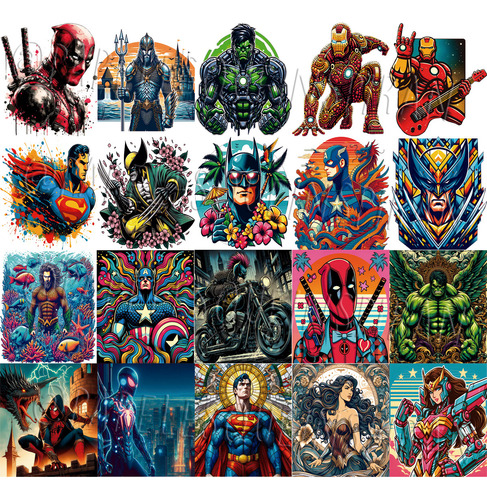 Kit Imprimible Superheroes Sublimación Png Stickers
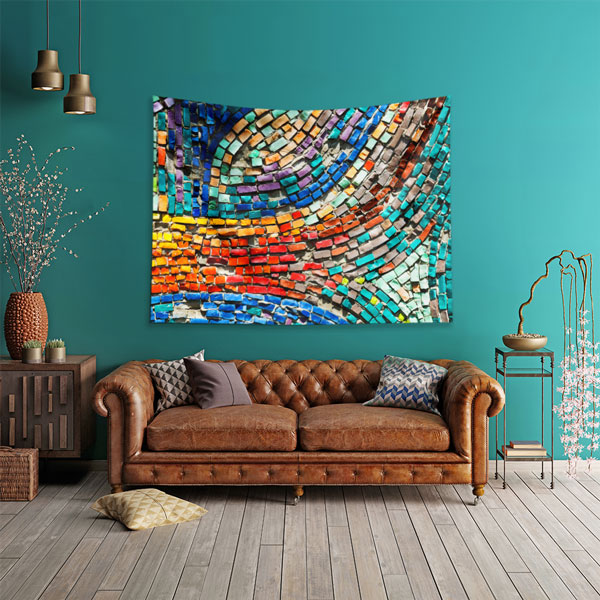 Renkli Mozaik Desenli Sanatsal Duvar Örtüsü Kumaş Baskı 5598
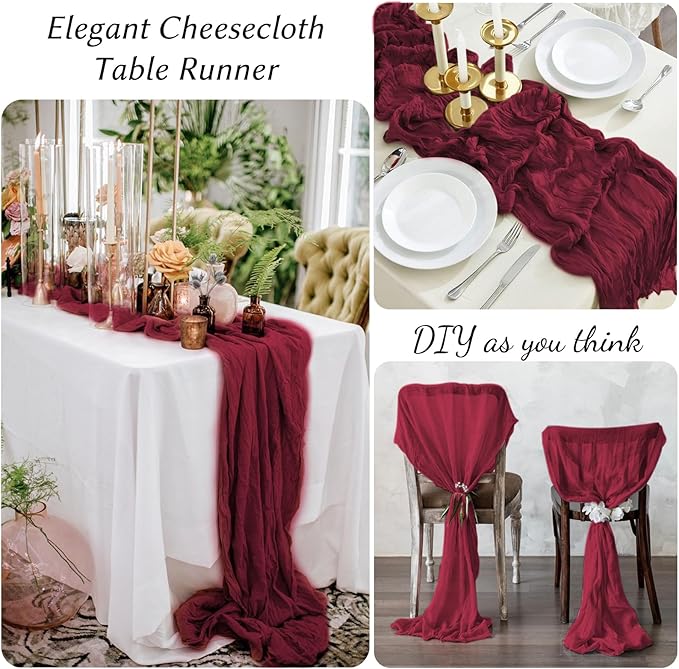 10 Pack Burgundy Cheesecloth Table Runner,10FT/120 Inch Boho Gauze Fabric Table Runner,Rustic Sheer Burgundy Cheese Cloth Runner Bulk for Wedding,Bridal Baby Shower,Birthday Party,Holiday Table Decor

══════════════════════════════

▶ **Work order**
No pictures belong in the copy. Repeat the listing above exactly.

▶ **Task answer**
 Kit Imprimible Superheroes Sublimación Png Stickers
 Renkli Mozaik Desenli Sanatsal Duvar Örtüsü Kumaş Baskı 5598
 10 Pack Burgundy Cheesecloth Table Runner,10FT/120 Inch Boho Gauze Fabric Table Runner,Rustic Sheer Burgundy Cheese Cloth Runner Bulk for Wedding,Bridal Baby Shower,Birthday Party,Holiday Table Decor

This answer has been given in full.